The measurement area provides equipment for testing for tensile and compressive strength, microhardness, contact angle measurement, UV-Vis spectroscopy, density, and thermal properties. The primary tools are the Instron and Mark 10, machines used for various mechanical tests, including cyclic testing and tension tests. In a recent project, students used the Instron to perform a three-point bend test on copper samples utilizing different machine fluids. “With this equipment, you can figure out a lot about the fatigue component, or how long [a material] will last, or creep. You can also do cyclical tension tests, where you pull in tension and then put it back, and repeat so that you can learn about your material and what it’s capable of,” Ella noted. 

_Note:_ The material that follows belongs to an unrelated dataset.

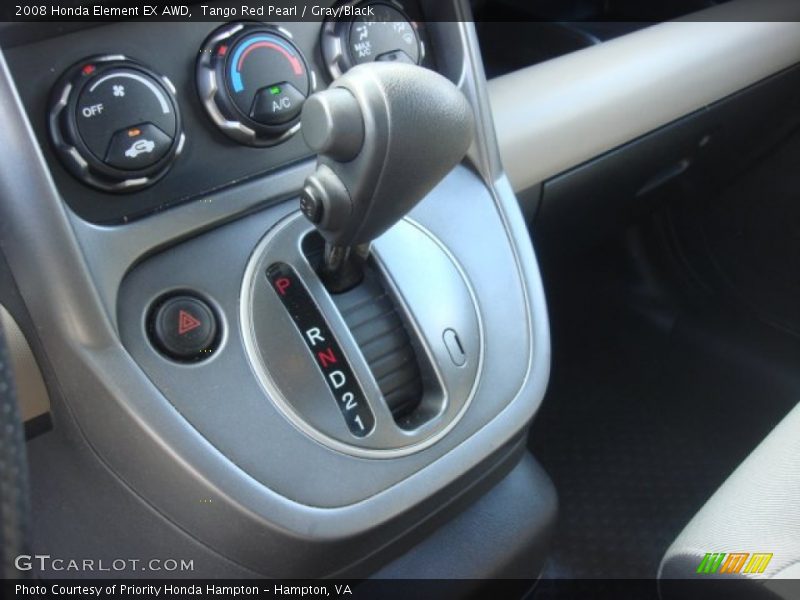 Tango Red Pearl / Gray/Black 2008 Honda Element EX AWD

The contact angle gyrometer is another machine that aids in measurement. With the machine, researchers learn about free surface energy and can measure how many unsatisfied bonds are present on the top of a surface, which is especially beneficial in battery research. For measurement, you drop a known liquid, typically DI water because of convenience and safety. The contact angle of the droplet on the substrate lets you read surface energy. 

Processing Area

The processing area is equipped with several 3D printers for experimentation with different materials. The printers can use resin, steel-infused filaments, and wood-infused filaments. Recent additions are new dual-color and dual-material printers, which open new possibilities for complex prints. “We can print squishy things,” Ella noted, showcasing equipment capabilities. 

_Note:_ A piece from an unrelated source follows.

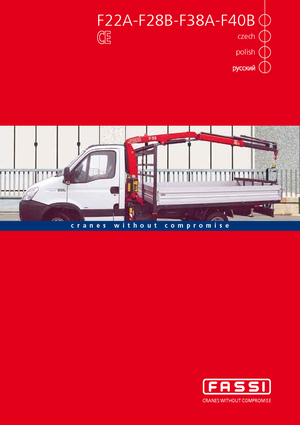 Hydrauliczne żurawie do załadunku Fassi F 22 A.21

While the 3-D printers use specialized filaments, the MILL is taking special care to consider environmental sustainability. To address the waste generated by 3-D printing, the MILL uses a granulator to recycle used filaments which is then processed in the lab’s extruder to create new filaments.

X-Ray Equipment

A primary feature of the MILL is the X-Ray equipment, including XRD and XRF machines, which are used for material verification and analysis. As Ella explained, these tools can create “unique fingerprints of materials,” helping to identify the composition and structure. “These would be like the Sherlock Holmes of material science equipment,” she said. The X-ray machines are also used to train staffers, for which they attempt to discover the composition of “mystery mixes” to learn how to interpret results.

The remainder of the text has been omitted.